If your resident has a non-applicant spouse, the spouse’s income is disregarded. Therefore, any income they receive (including income from a RMD) does not impact your resident’s income eligibility. Additionally, the non-applicant spouse may be entitled to a Monthly Maintenance Needs Allowance (MMNA) from your resident. This allows them to transfer a portion of their income to their spouse. The exact monthly amount that can be transferred is state-specific, but many states permit a maximum MMNA of $3,715.50. Some states, such as Alabama, set a lower MMNA, which is $2,465. The exact amount that can be transferred is based on the non-applicant spouse’s current income, and in some states, their shelter and utility costs. If your resident has “excess” income (i.e., from RMDs from an IRA), the MMNA can help lower their countable income, potentially allowing an otherwise income-ineligible resident to become income-eligible.
Solutions for Non-Exempt IRAs
If your resident’s and / or their spouse’s IRA is non-exempt, they can still become Medicaid-eligible. The most common solutions to turn countable retirement savings plans into non-countable assets are listed below. Note that if these planning strategies are not implemented properly, or your resident does not “spend down” excess funds appropriately, they could violate Medicaid’s 60-month Look-Back Rule, resulting in a Penalty Period of Medicaid ineligibility. The rules regarding any planning strategy can vary based on one’s state of residence, and therefore, an understanding of the rules in your state is crucial.
Put it in “Payout” Status
In states that require a resident to be taking the RMD for IRA exemption, this is an easy fix. They can start taking regular, periodic distributions based on life expectancy. There is no penalty and taxes associated with doing this if your client is at least 59 ½ years old. Persons who have Roth IRAs may also be able to put their accounts in payout status. Remember that the payments will count towards Medicaid’s income limit and may put them over the income limit. However, there are state-specific solutions for that as well.
Liquidate & “Spend Down”
Your resident can cash out their IRA and “spend down” the funds on exempt assets and / or allowable expenses such as assisted living until they meet Medicaid’s asset limit. Options include purchasing an Irrevocable Funeral Trust, making home modifications for safety and accessibility, paying off existing debt, and paying fair market value for long-term care.

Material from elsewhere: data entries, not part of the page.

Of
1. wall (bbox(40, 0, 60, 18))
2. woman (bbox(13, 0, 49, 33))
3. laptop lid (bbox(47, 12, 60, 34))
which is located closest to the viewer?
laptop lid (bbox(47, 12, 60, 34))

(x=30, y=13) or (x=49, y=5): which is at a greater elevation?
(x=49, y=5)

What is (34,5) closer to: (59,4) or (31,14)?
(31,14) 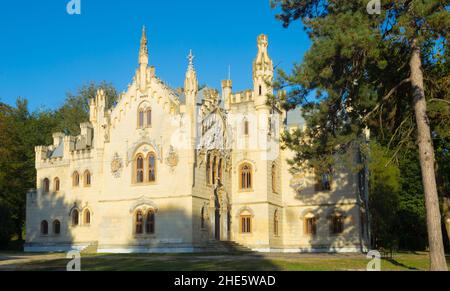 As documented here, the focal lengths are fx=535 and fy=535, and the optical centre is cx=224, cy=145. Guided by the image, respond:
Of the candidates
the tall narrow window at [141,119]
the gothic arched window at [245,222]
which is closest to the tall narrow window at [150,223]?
the tall narrow window at [141,119]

Convert it into an Annuity
Medicaid-Compliant Annuities can be funded with one’s IRA and immediately turn a countable IRA into an irrevocable stream of income. If annuity income is in your resident’s name, it will count towards the Medicaid income limit. If it is in the name of your resident’s non-applicant spouse, it will not count towards the income limit.
For assisted living administrators, this all means they should know their state’s Medicaid programs IRA policy, as much as possible, they should know the value of their resident’s IRAs and they should be aware of how long it really takes to prepare for and apply for Medicaid (at least 6 months). They can advise their residents when to begin planning for Medicaid whether that is to keep the resident in their community as a Medicaid beneficiary or whether it is to help them transition to a Medicaid nursing home.